- The Washington Times - Friday, January 12, 2007

FORT BENNING, Ga. — President Bush sought a friendly audience and a patriotic backdrop yesterday to continue to make his case for sending 21,000 more troops to Iraq, but he received only tepid applause at this Army base, where the commanding general forbade soldiers from talking to reporters.

The president’s speech was similar to the national address he delivered Wednesday night, but he used firm language when speaking about what is coming for insurgents in Iraq. He also hailed efforts by Prime Minister Nouri al-Maliki against militias responsible for continual waves of sectarian killings in Iraq.

“Yesterday, the resolve was seen when Prime Minister Maliki made it clear that illegal militias, including the Mahdi Army, have a choice to make: either lay down your arms or face justice,” Mr. Bush said. “That’s the kind of leadership that the Iraqi people expect, and that’s the kind of leadership I expect, and the American people expect.”

He added, “Our support is not open-ended. If the Iraqis demonstrate a willingness to fight for a better future, we’ll help them. It’s in our interests that we do so. Not only do we expect to see action militarily, as I mentioned, we expect to see them fulfill the benchmarks that they laid out for their people.”
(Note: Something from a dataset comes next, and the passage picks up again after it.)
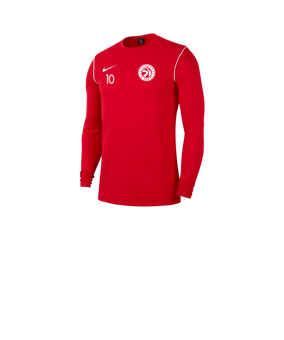 Nike Park 20 Sweatshirt Kids Rot F657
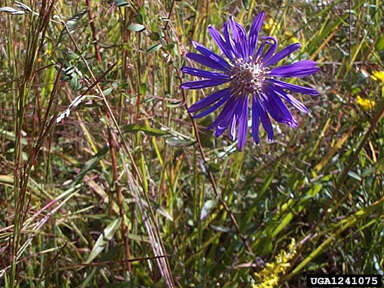 Image de Symphyotrichum georgianum (Alexander) G. L. Nesom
Mr. Bush visited Fort Benning because the base will send a combat brigade to Iraq earlier than planned, by March instead of late May or early June. The brigade has done two tours in Iraq, and on its last yearlong deployment, in 2005, 34 soldiers from the 4,000-member unit were killed.

In his speech, Mr. Bush also reiterated the warning he gave in his prime-time address: His planned troop surge would not be a quick fix.
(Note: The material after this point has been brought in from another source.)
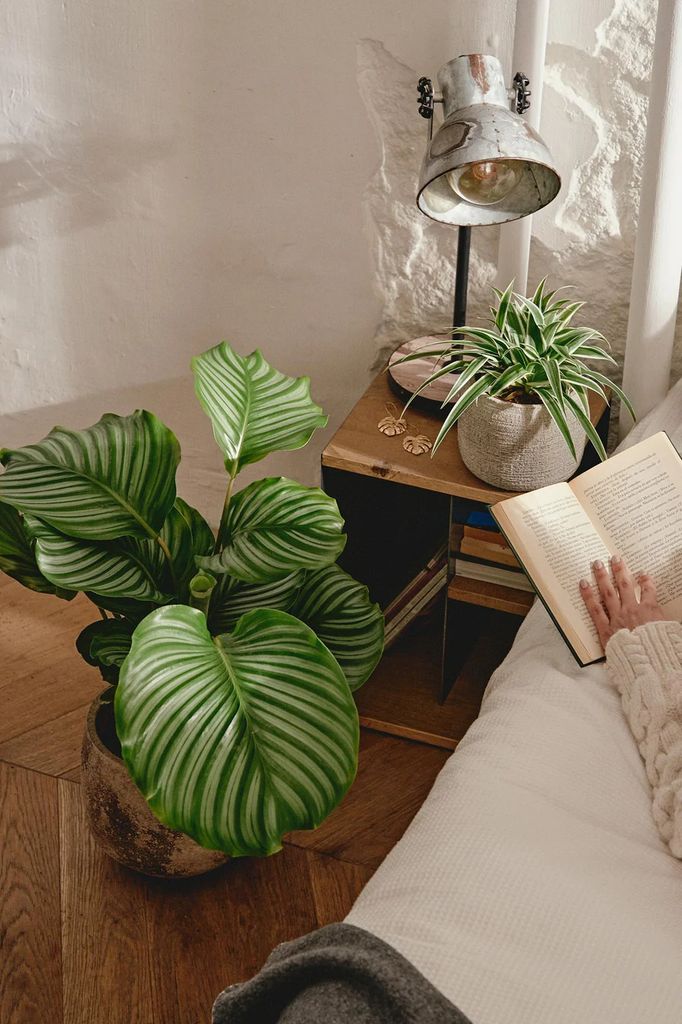 Calathea Orbifolia.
“The new strategy is not going to yield immediate results. It’s going to take awhile,” he said. “The American people have got to understand that suicide bombings won’t stop immediately.”

Before meeting with families, Mr. Bush watched as five members of a parachute team floated to the ground in a demonstration of base training.

“We’re proud of you,” he told the men.

Earlier in the day, the president awarded the Medal of Honor to the late Marine Cpl. Jason Dunham of Scio, N.Y., who covered a hand grenade in Iraq two years ago, saving the lives of his comrades. He is the second Iraq war soldier to receive the prestigious award.

“I’ve lost my son, but he became a part of history,” Cpl. Dunham’s mother, Deb, said after the ceremony, which drew tears from Mr. Bush. “It still hurts as a parent, but the pride that you have from knowing he did the right thing makes it easier.”

The 300 soldiers who, with their families, heard the afternoon speech were banned by Maj. Gen. Walter Wojdakowski, commandant of the 32,000-soldier base, from talking to reporters. Journalists were barred from re-entering Freedom Hall, where Mr. Bush delivered the speech, or from approaching soldiers outside the hall.

While the president met with family members of 25 soldiers from the base who were killed in the Iraq and Afghanistan wars, several reporters waited for word from the base on whether the ban would be lifted. A senior administration official said, “We have no control over that.”

This article was based in part on wire-service reports.